How to Coerce a Confession (Amateur Edition)

Many times before I've written about false confessions and how police obtain them.  They're professionals, after all, and have at their disposal a frightening array of psychological and legal tricks that make such things possible.  But it's easier than that to force someone into making an untrue statement, as a recent case from Texas (highlighted by Radley Balko) shows.

Alfred Brown was a suspect in the murder of a Houston police officer.  The grand jury investigating the case brought before it Ericka Dockery, who had been Brown's girlfriend for about six months.  She told the grand jury that Brown was asleep on her couch when investigators thought he was meeting with other suspects.  But the grand jury didn't believe her and, by the time trial came around, Dockery was the state's star witness.

What happened - which we know only thanks to the fortuitous release of a usually secret grand jury transcript - is that Dockery was beaten down emotionally to the point where she did what most people who give false confessions do: she told her inquisitors what they wanted to hear.

Naturally, they suggested she was lying, asking the prosecutor about the penalty for perjury, before going on:
'I'm just trying to answer all your questions to the best of my ability,' Dockery says.
A bit later, a female juror asks pointedly: 'What are you protecting him from?'
'I'm not protecting him from anything.
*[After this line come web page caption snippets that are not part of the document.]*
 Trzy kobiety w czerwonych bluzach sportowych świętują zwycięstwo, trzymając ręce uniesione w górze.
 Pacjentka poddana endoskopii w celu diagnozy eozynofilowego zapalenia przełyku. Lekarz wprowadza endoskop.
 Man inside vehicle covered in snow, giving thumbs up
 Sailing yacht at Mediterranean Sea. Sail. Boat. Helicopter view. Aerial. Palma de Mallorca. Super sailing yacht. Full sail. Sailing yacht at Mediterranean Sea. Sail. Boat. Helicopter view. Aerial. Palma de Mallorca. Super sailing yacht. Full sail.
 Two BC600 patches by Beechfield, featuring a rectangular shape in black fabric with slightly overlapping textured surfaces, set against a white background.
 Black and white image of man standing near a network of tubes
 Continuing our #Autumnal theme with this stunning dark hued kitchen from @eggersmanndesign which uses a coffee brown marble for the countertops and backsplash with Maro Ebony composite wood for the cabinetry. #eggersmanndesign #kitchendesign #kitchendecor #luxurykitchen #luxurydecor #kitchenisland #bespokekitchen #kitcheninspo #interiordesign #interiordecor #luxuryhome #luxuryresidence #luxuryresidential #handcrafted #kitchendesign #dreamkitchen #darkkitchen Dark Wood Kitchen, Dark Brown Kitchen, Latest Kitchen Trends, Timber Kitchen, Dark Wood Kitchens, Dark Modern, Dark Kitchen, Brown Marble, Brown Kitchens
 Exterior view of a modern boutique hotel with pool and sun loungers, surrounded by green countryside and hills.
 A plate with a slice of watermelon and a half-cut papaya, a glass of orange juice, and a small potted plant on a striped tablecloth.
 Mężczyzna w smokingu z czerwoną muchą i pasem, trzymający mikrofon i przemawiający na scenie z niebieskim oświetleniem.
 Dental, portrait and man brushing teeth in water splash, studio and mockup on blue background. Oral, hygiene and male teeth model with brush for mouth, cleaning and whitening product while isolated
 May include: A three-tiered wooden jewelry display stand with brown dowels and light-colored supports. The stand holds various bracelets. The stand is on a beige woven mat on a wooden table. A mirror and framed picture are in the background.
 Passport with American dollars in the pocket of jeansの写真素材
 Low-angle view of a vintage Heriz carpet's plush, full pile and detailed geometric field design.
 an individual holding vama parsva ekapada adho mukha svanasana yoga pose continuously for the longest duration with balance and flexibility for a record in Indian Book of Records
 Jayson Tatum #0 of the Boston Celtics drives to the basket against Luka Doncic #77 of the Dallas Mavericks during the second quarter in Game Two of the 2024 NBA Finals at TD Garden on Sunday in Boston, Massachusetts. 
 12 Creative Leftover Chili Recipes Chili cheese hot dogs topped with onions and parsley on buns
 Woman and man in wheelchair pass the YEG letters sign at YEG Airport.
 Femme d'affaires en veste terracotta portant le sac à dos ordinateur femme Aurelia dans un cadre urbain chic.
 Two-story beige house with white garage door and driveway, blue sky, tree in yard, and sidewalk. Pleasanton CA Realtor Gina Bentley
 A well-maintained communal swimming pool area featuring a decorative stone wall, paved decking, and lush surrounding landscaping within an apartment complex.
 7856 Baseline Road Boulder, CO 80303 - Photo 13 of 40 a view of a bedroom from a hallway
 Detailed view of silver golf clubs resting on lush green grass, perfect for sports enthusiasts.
No ma'am. I wouldn't dare do that,' Dockery eventually responds. As [prosecutor] Rizzo and the grand jurors parse Dockery's every word and challenge each statement, she complains they're confusing her.
'No, we're not confusing you,' a grand juror says. 'We just want to find out the truth.'
But things get really nasty when the grand jurors raise the spectre of Dockery's children being taken away if she doesn't tell the "truth" they seek:
When the grand jury returns, the foreman says the members are not convinced by Dockery's story and 'wanted to express our concern' for her children if she doesn't come clean.
'That's why we're really pulling this testimony,' the foreman tells her.
The foreman adds that if the evidence shows she's perjuring herself 'then you know the kids are going to be taken by Child Protective Services, and you're going to the penitentiary and you won't see your kids for a long time.'
That was the crack in the wall, which the grand jurors then exploited with the flair of a seasoned attorney locked in cross examination of a hostile witness, with admonishments to "[t]hink about your kids, darling," and that "what we're concerned about here, is your kids."  Eventually, not only did Dockery recant Brown's alibi, she admitted making a call to another one of the suspects.  One grand juror even said she thought Dockery was in on the murder itself.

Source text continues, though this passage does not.